→ WORK REQUIRED:
Repeat the data in full and exactly. Leave the pictures out.

→ SUPPLIED MATERIAL:
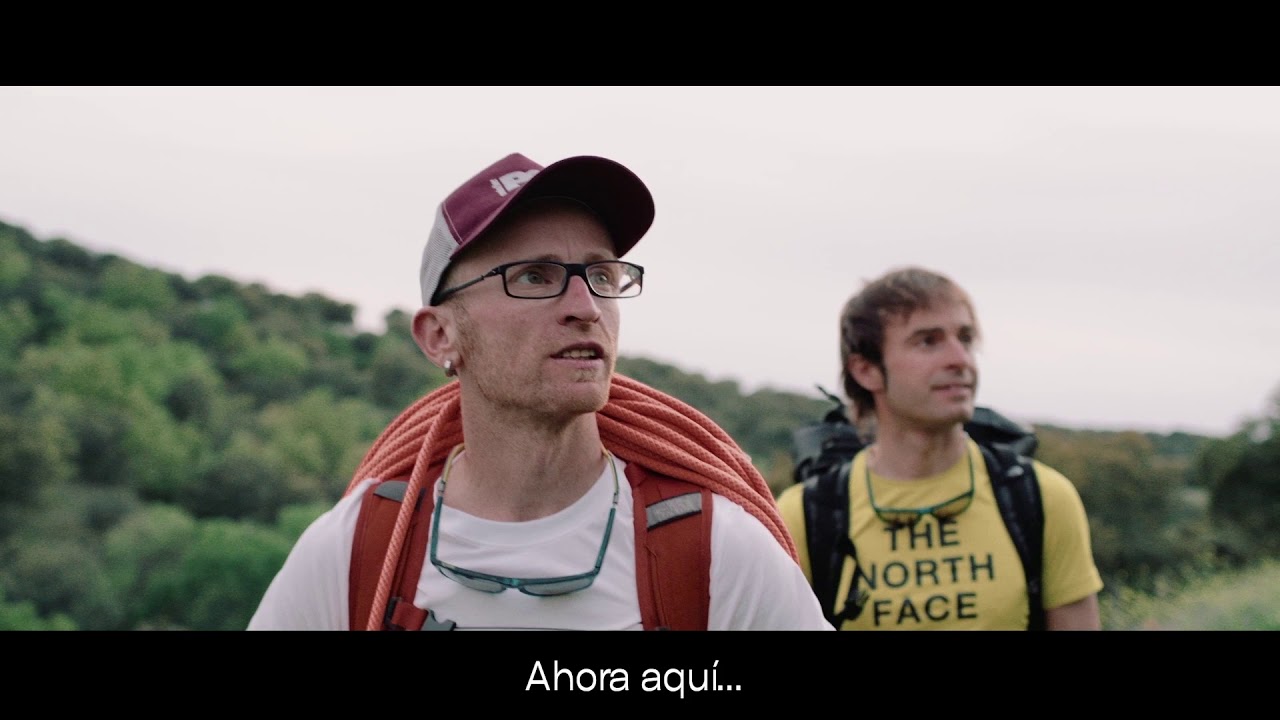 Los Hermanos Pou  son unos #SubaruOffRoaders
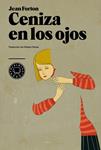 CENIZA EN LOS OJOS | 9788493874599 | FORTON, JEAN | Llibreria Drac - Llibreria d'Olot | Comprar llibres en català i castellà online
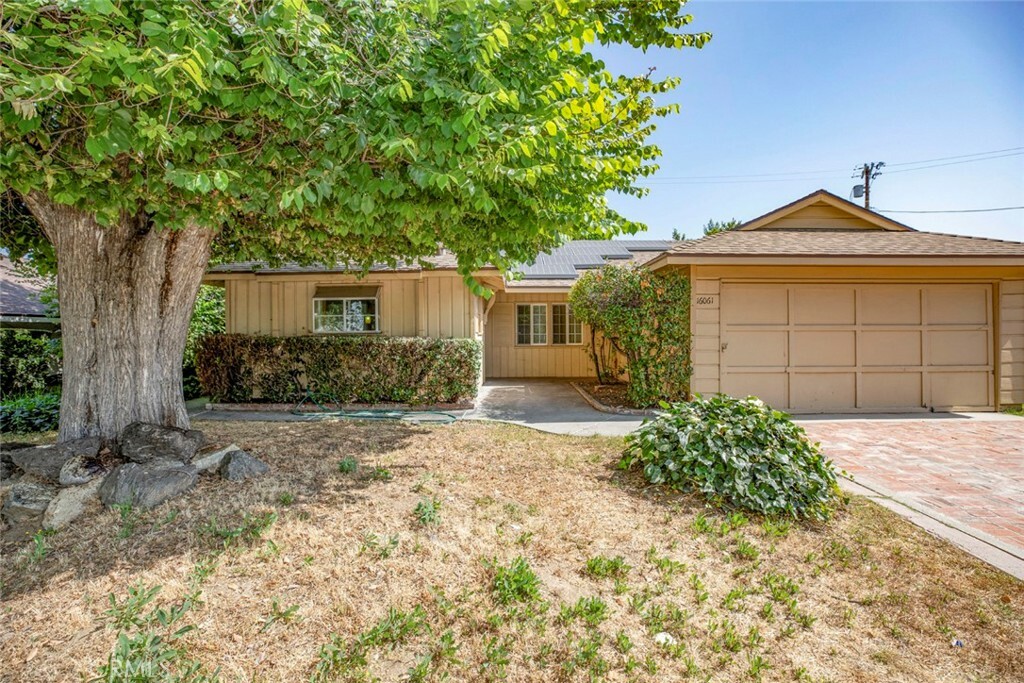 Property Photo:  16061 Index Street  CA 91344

→ ANSWER SECTION:
 Los Hermanos Pou  son unos #SubaruOffRoaders
 CENIZA EN LOS OJOS | 9788493874599 | FORTON, JEAN | Llibreria Drac - Llibreria d'Olot | Comprar llibres en català i castellà online
 Property Photo:  16061 Index Street  CA 91344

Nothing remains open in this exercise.